_Records supplied:_
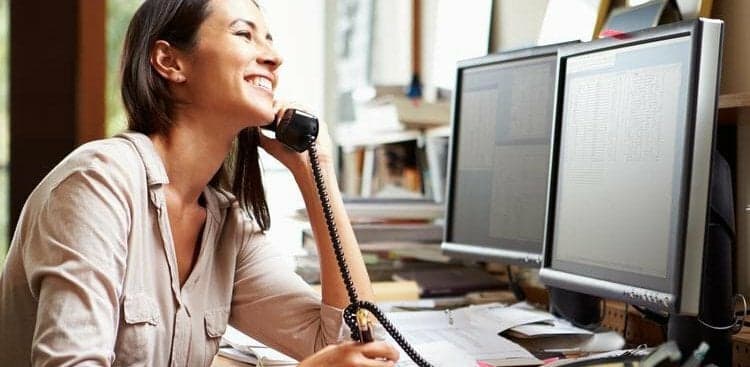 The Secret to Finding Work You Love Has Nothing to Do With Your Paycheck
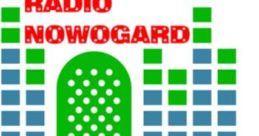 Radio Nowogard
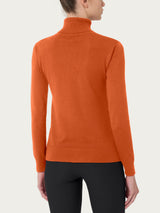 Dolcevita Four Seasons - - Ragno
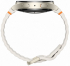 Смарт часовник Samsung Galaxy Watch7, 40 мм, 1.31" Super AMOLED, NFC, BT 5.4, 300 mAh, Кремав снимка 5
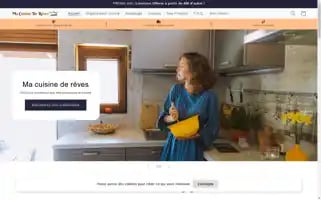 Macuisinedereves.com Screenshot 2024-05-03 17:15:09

_Task objective:_ Each record above is to be returned unchanged, while any picture it holds stays out.

_Answer box:_
 The Secret to Finding Work You Love Has Nothing to Do With Your Paycheck
 Radio Nowogard
 Dolcevita Four Seasons - - Ragno
 Смарт часовник Samsung Galaxy Watch7, 40 мм, 1.31" Super AMOLED, NFC, BT 5.4, 300 mAh, Кремав снимка 5
 Macuisinedereves.com Screenshot 2024-05-03 17:15:09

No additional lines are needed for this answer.